I believe the guy writing The Worst Ninja has things down pretty well. He's approaching UO for the first time, making all the too-contrived conventions appear that much more obviously. Here's a quote from my favorite part of his descriptions of his 14-day trial.
[The bank, where long-time players discard items they can't fit in their bank box on the ground] is a treasure trove. Armour, weapons, magic talismans, mysterious keys and, best of all, a complete, joyously humiliating jester outfit, which I duly don and prance about in for the benefit of my silent patrons. And then, there it is. Thank you, thank you, thank you, kind strangers. An axe. A huge, magic axe, several orders of magnitude more powerful than my geeky claws. I don’t care about its magic, though. This could be a one-of-a-kind ancient elven heirloom for all I care. All I care is that it can chop down bloody trees. At last, I can be the ninja-jester-lumberjack I’d always dreamt of becoming.
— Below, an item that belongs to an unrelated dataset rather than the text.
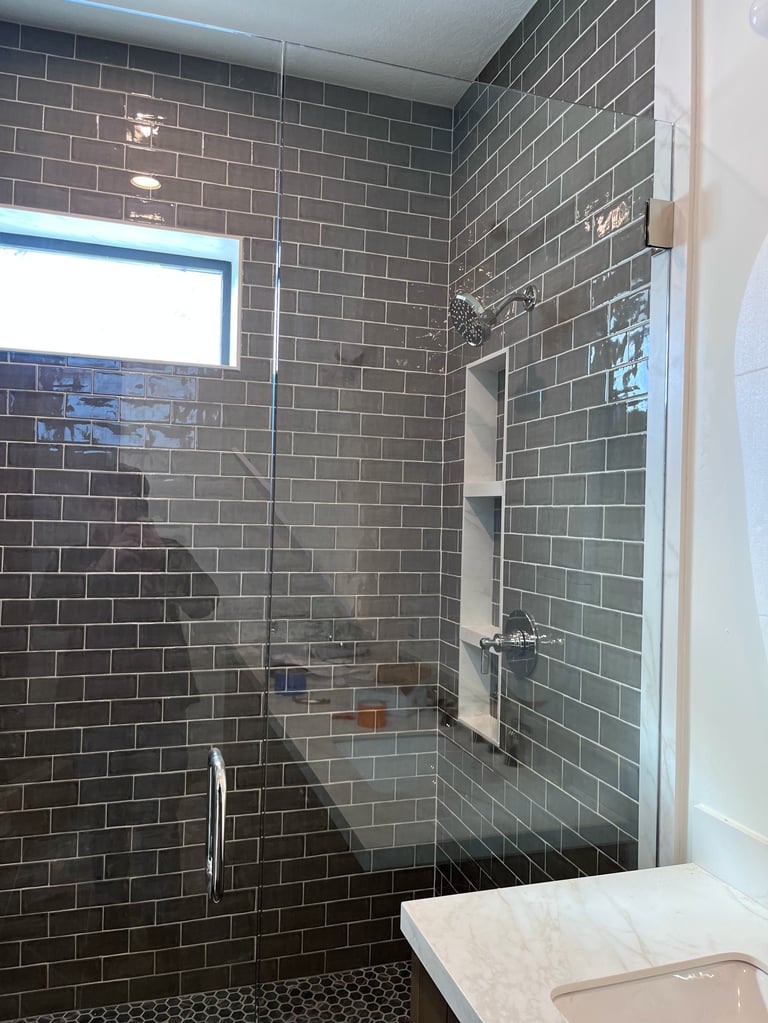 Modern bathroom shower enclosure with dark green subway tile walls, frameless glass door, and built-in shelf niche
The picture of the guy's worth a look.
It is much easier to kill things now. Mobs drop lots more magical loot than before as well. Kingdom Reborn's interface would be much nicer if the sys reqs weren't so high and it didn't crash my box at least once an hour. I did enjoy the special moves you can pull off in combat, which is also a new feature, but this is still no game for the soloer with so many more enjoyable options out there. The majority of the interface still stinks, and for the first time I can ever remember I wasn't able to retrieve my corpse in time and lost some gear. No big deal, but I was upset to see that the stuff I'd dropped on the ground was still there though my adventuring gear disappeared with my body.
Oh well. I like that it's still around.
14 day trial wasn't bad. The game looks great, that's for sure, and they're able to pull off the simulation-first goal of UO very well. For instance, you will almost certainly be buying all your new gear via contracts with other players. When I bought a new ship, it was player made. This is good -- a true economy. I'm sure there are drains somewhere, but for the most part it appears to be about as closed a economic loop as you can get. I've also read a number of interviews with EVE folk that show that their push was to build a good, persistent, impressive simulation rather than just the tired cartoon that is WoW (which I'll still be playing soon).
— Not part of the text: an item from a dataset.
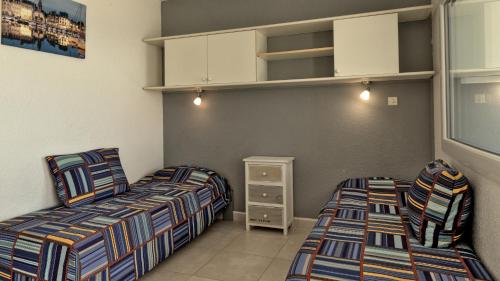 勒格罗-迪鲁瓦Residence Ulysse Port Camargue的一间卧室配有两张床和橱柜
My only gripe is that fighting seems to be pretty much a big dice-roll fest. I'd rather have Elite-like dogfights, and those aren't found here. You control your ship with the mouse, afaict, making it move to points, or you select targets and orbit (including combat) or get within x meters and stop. There's no real evasive action, though until you learn to target sans mouse, it sure feels like there is.
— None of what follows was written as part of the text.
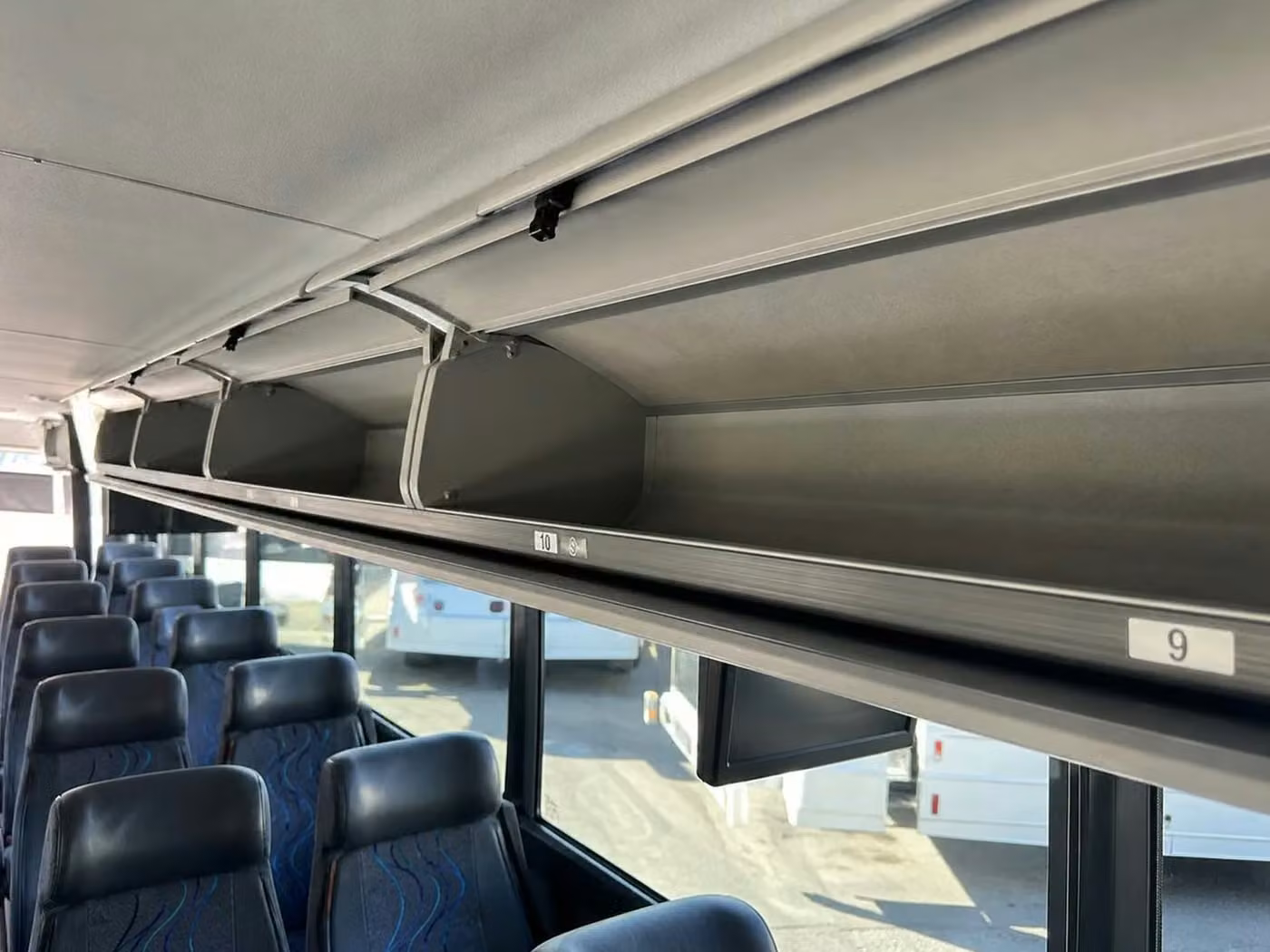 bell gardens charter bus overhead storage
Even with the older client, it's a gorgeous game. Really, it is. That I enjoyed quite a bit. If I was going to play two MMORPGs at a time, this would be a great change of pace from UO/CoH/WoW. It's very tempting, but the complete lack of twitch play turns me off.
City of Heroes
There's a certain type of game engine that makes me puke. This is one. I get green playing it. In my first shot, I didn't interact with other players much at all, ran through some very boring missions (not unlike ones "real" heroes in comic books do, but without the character development/exploration), and ran away from some of the tougher two-bit street crooks between mission goals. The engine is very dated, with 2-D textures on walls, eg. Reminds me of Tek Wars, another game that made me puke, and, yes, Perfect Dark (yet another pukefest when someone actually commented that I looked green after playing on the floor for a few hours). But the reminder wasn't just the queasiness, but the tech in the engine. Tired engine, bland missions, and large headaches means they likely won't be getting my dough. I'd like to play more to give it a longer chance, but my personal, physical reaction will probably nix that.